Supplied information:
◇ ◇ ◇ ◇ ◇ ◇ ◇

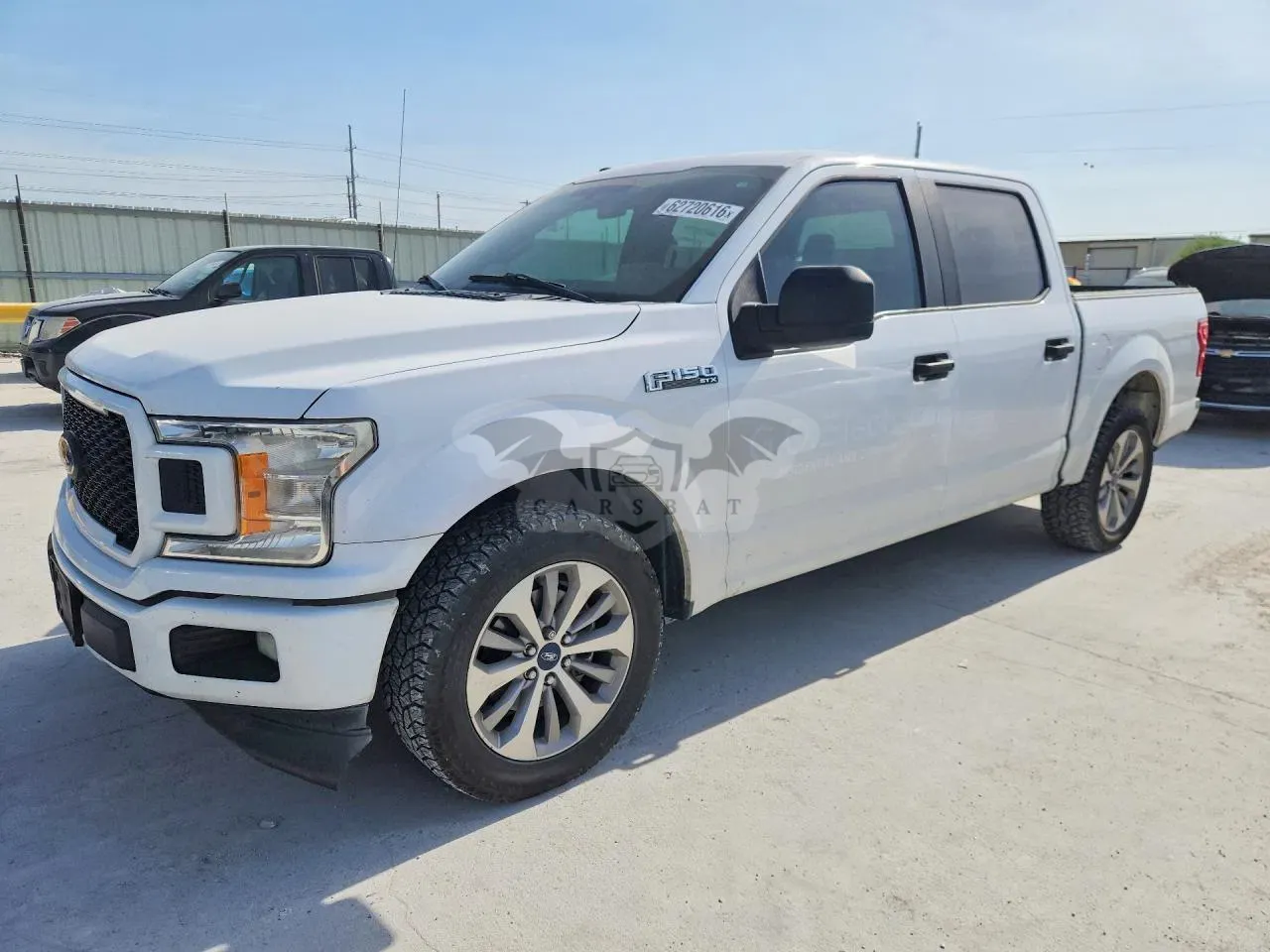 Ford F-150 5.0L 8 2018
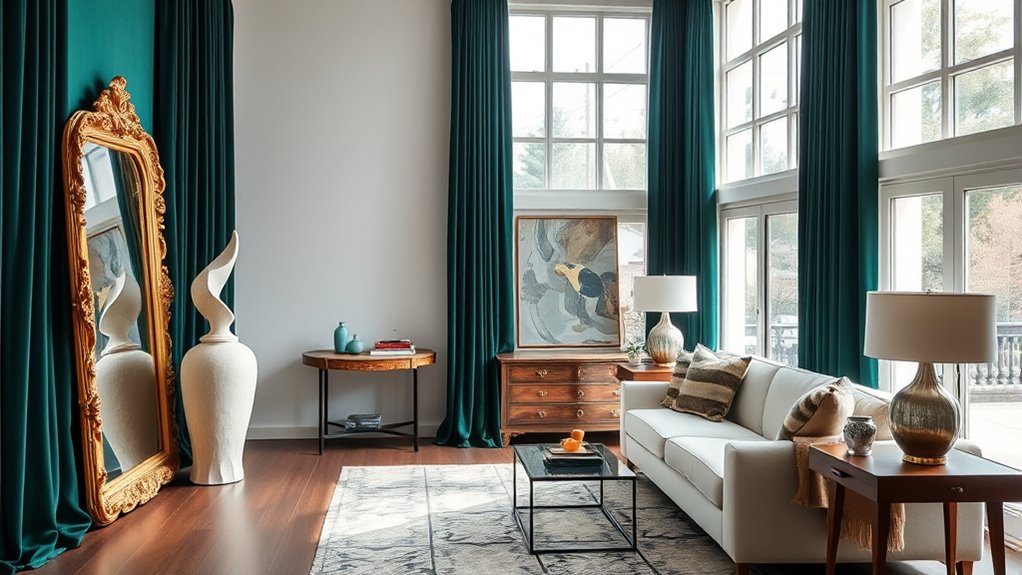 balance contrast with harmony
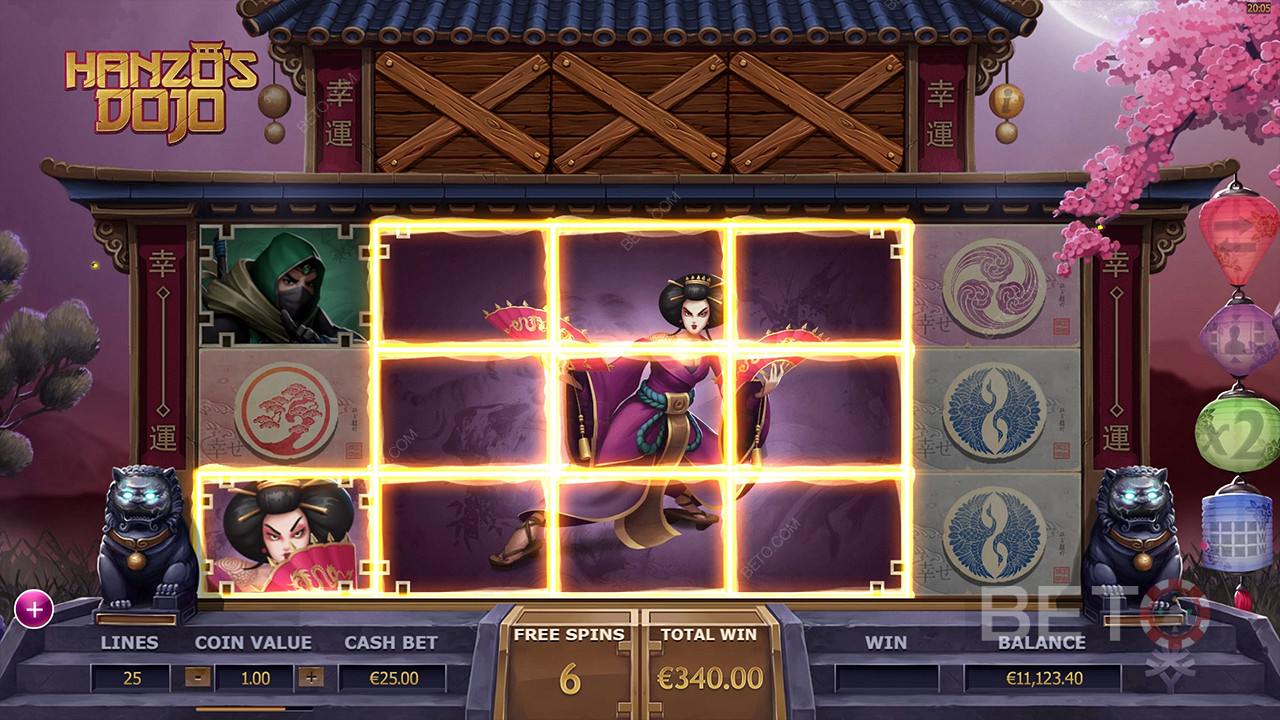 Hanzo's Dojo Graj Za Darmo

◇ ◇ ◇ ◇ ◇ ◇ ◇

Task objective: Everything in the data above gets copied exactly. Only the pictures are skipped.

Expected output:
 Ford F-150 5.0L 8 2018
 balance contrast with harmony
 Hanzo's Dojo Graj Za Darmo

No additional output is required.